Dutch bank ABN Amro, the target of takeover bids from Barclays and Royal Bank of Scotland (RBS), has announced it will not recommend either of the two bids.
A successful takeover bid will create one of the world's largest banks and both bidders have been outdoing each other to woo the management of ABN.
In a statement with its second-quarter results, ABN Amro said it was "not currently in a position to recommend either offer for acceptance to ABN Amro shareholders.
"ABN Amro will further engage with both parties with the aim of continuing to ensure a level playing field and minimising any of the uncertainties currently associated with the offers with a view to optimising the attractive alternatives available to ABN Amro's shareholders."

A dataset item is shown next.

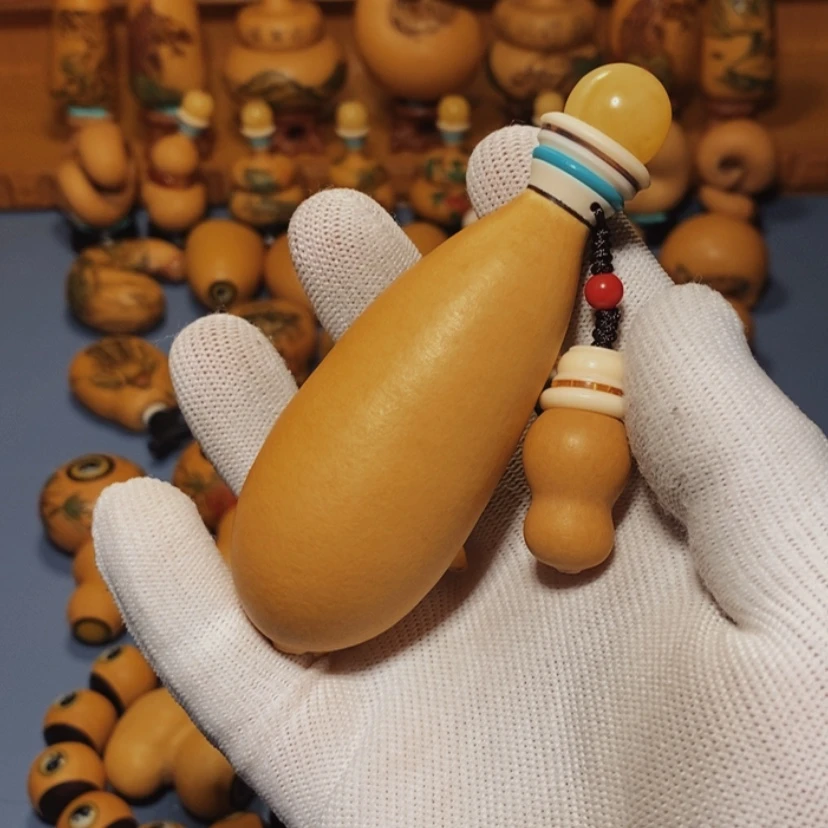 【闪购商品】火葫芦葫芦葫芦葫芦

Barclays recently obtained the support of China Development Bank and Singapore investment firm Temasek in a new attempt at securing the takeover. Barclays offered an $89.55 billion (£44.16 billion) bid consisting of 37 per cent in cash and the remainder in shares.
RBS is leading a consortium of banks including Santander of Spain and Fortis. Its 71 billion (£47.84 billion) bid consisted of 93 per cent in cash and the rest in shares.
Responding to the news, Barclays chief executive John Varley said: "We recognise that, at the current time, it is difficult for the boards of ABN Amro to make a clear recommendation to their shareholders.
"However, we are pleased to have their continuing support and we are confident that our revised offer delivers the value, stakeholder benefits and certainty that will allow the boards to support a recommendation in due course."
RBS is yet to comment on ABN's statement.
ABN Amro's net operating profits fell as the increase in operating expenses of 14 per cent soured the increase in operating incomes of 12.6 per cent.
Its net operating profit fell by 0.8 per cent from 1.67 billion (£1.1 million) to 1.6 billion (£1.12 billion).
ABN Amro chairman Rijkman Groenink said: "We are well on track to deliver an EPS of at least 2.30 [£1.55] on an adjusted basis as the change in the organisational structure implemented in 2006 created the conditions for improvement in our performance.
"Further execution of the initiatives set for 2007 (growth, efficiency, and acceleration of action plans) led to a strong second quarter, which was otherwise marked by conditions of uncertainty for ABN Amro."